The typical board size ranges somewhere between three and seven members, and you should always have a good balance between founders, outside directors, and investors. It doesn’t have to always be equal, but you want to make sure you have a balance around the table and plenty of different points of view.
Private company boards tend to range in size from very small to, in some cases, very large. The typical size of a private company board is somewhere between three and seven board members. There’s a lot of mythology around having an odd number so that you never get deadlocked on votes. It turns out that because especially with investors the notion of how the votes actually work and who has what rights, that the odd or even number of board members tends to matter very infrequently.
When you have three board members, you often have a founder, an investor, and an outside board member, or two founders and an investor, or two founders and an outside board member. You always want to have at least one outside board member. That’s a really powerful thing because you need an independent board member that doesn’t have either an ownership stake through a major investment in the company or an ownership stake through being a founder in the company. That allows you to deal with lots of situations where you need an independent vote, where you want somebody who’s not directly involved in the economic outcome. This doesn’t mean that they can’t have any economics in it, but that their economics are minor and it’s very easy for them to be viewed as an independent director.
What you often see is boards, especially as they raise more money, they become very investor heavy. So you start off with a nice, balanced board between investors and entrepreneurs, and all of a sudden you wake up one day and you’ve got seven board members, you know, the CEO, an outside board member, and four investors or five investors. Those are not particularly good boards in terms of balance because then they shift way too much towards investor engagement on the board versus acting like a true board that’s helping the CEO and helping the leadership team.
As an entrepreneur or founder, you really want to try to maintain balance between the entrepreneurs and the investors. The best way to maintain that balance is to think about it as having a founder board member or a management board member for each investor board member, and then filling in the rest of the board with outside board members. It doesn’t have to be exactly equal, but you want it to be a situation where there’s plenty of balance around the table and different points of view being represented.
Private company board member compensation should be very straightforward. First of all, you should never pay a private company board member cash. As a startup company that’s growing, cash is extremely valuable to you. What you should be willing to do is pay that board member in equity, a similar type of equity grant that you would give to a senior exec. The best way to describe it is think of what you would give a VP level person, and divide by two. That’s roughly the amount that you tend to give to an outside director. In addition, you should be willing to cover their expenses for coming to board meetings, or doing any sort of board business. And this is for outside directors. For VC directors, you should simply be willing to pay their expenses for coming to the board meetings, but they shouldn’t get any additional equity for sitting on the board.
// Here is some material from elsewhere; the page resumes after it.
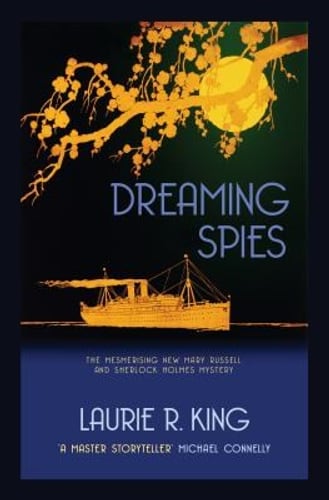 Cover of Dreaming Spies by Laurie R. King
The best way to enforce the two- to four-year board term is to create vesting of the stock that you’re giving to that board member over that period of time. What I think is pretty typical is to have a four-year board term, and let’s say you’re granting to that board member half a percent or one percent of equity that’s going to vest over that four-year period. By having a two- or four-year vest on the stock, that gives you an end point at which to have the conversation with the board member, “I’d like you to stay on the board for another two years; I’d like you to say on the board for another four years; here’s another grant,” or, “The four years is up, and you know, I’d like to replace you with somebody else at this point.”
Some boards have an explicit leader of the board. Sometimes that’s called the chairman, sometimes it’s called a “lead director.” You as the CEO can enlist that lead director in helping to manage the interactions between the other board members, in managing the time dynamics around the board meetings, in helping make sure that the important things get surfaced, and having a single point of communication between the board and the CEO about issues that the board is concerned about with regard to the CEO’s performance.